BEGIN The input

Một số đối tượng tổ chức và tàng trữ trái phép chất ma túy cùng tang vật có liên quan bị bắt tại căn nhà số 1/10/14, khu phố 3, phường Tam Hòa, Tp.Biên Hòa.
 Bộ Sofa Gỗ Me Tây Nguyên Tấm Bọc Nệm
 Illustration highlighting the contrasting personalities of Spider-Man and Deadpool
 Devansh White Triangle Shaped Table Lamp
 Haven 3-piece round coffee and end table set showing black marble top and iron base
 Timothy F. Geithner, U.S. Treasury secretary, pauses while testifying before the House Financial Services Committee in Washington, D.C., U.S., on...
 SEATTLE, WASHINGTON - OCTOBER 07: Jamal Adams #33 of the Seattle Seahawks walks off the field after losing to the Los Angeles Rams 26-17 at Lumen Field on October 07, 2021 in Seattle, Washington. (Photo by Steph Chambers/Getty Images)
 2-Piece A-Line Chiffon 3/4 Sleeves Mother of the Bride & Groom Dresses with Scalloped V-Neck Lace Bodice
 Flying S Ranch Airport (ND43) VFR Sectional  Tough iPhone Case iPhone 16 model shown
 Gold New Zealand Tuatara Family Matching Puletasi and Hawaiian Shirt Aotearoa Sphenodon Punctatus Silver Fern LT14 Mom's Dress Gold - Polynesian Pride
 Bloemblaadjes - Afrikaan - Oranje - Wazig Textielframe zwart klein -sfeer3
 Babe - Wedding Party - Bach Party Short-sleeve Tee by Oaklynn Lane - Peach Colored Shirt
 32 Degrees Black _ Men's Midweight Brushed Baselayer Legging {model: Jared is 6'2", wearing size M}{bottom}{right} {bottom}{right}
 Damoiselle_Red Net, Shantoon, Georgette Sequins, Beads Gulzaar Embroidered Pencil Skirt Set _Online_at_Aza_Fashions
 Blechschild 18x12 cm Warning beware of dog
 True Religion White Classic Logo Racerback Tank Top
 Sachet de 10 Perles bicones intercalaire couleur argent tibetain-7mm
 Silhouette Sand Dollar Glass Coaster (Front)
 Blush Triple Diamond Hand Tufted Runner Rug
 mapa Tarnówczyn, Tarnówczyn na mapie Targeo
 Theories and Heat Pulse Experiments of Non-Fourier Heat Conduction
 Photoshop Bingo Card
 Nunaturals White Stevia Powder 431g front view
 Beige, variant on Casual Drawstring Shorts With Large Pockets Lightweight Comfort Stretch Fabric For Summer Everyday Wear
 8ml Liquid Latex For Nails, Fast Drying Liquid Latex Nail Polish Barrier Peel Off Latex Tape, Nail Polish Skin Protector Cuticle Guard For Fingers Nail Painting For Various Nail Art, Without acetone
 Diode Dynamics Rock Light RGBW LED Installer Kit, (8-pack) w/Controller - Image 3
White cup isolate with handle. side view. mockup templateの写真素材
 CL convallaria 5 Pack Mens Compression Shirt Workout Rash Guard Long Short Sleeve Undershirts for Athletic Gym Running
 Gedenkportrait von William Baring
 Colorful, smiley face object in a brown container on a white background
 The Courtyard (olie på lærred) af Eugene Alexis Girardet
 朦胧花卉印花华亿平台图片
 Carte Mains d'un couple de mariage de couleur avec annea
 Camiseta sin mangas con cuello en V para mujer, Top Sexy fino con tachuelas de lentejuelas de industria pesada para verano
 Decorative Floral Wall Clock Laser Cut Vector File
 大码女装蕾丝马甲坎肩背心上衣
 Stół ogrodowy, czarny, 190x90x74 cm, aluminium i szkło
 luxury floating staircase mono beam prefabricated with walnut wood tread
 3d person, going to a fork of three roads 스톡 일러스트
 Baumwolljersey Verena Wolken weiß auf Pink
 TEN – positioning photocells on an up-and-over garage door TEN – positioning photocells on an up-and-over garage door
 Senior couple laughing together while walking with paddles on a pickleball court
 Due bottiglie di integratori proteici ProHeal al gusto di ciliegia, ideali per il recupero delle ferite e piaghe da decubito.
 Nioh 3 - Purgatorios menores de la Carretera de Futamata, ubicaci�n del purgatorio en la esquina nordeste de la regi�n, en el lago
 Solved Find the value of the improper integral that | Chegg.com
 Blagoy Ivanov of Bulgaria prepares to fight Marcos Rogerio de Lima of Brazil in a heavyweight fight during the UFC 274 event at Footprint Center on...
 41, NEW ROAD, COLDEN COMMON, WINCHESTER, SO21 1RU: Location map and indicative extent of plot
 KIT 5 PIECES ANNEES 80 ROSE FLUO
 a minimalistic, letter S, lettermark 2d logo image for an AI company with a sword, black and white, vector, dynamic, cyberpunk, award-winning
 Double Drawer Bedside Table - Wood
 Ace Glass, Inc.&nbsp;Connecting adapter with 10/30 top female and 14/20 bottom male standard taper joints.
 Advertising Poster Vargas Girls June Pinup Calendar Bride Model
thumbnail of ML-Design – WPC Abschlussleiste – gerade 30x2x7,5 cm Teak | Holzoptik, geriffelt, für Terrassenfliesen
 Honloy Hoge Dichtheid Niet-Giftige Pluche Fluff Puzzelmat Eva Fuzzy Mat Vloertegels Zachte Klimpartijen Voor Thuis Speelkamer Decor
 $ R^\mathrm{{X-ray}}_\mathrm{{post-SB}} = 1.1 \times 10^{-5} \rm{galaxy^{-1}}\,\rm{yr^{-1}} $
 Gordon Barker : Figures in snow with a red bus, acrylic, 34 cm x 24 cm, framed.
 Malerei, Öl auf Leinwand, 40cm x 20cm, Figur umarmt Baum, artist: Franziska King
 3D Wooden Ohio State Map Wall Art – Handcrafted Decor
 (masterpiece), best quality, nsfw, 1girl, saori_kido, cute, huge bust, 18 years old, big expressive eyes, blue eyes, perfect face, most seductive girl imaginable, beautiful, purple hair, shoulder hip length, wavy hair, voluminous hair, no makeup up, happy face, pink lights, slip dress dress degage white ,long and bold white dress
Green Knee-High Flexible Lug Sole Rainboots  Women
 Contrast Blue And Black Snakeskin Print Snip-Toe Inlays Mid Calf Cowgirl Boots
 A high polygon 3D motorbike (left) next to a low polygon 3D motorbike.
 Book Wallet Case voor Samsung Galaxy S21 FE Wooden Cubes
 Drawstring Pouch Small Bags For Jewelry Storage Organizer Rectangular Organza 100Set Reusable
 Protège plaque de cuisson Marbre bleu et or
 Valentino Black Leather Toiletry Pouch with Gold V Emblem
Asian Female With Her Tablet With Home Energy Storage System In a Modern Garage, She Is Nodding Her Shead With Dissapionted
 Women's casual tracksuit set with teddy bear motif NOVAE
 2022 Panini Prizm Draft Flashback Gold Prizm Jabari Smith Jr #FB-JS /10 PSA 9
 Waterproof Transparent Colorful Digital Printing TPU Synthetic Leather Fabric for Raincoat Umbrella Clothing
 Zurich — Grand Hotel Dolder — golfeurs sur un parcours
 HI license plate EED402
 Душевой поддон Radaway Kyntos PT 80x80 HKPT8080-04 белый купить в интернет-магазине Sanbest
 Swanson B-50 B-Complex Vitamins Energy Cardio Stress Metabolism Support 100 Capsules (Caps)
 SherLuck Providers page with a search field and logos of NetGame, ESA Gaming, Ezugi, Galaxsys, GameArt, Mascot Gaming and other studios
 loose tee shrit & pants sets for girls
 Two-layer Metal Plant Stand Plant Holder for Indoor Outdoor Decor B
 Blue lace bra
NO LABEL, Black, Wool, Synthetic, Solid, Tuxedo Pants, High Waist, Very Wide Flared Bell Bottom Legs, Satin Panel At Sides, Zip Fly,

END The input

Exercise details – Look over the material and return every line where the word "Colorful" is found.

Response area –
 Colorful, smiley face object in a brown container on a white background
 Waterproof Transparent Colorful Digital Printing TPU Synthetic Leather Fabric for Raincoat Umbrella Clothing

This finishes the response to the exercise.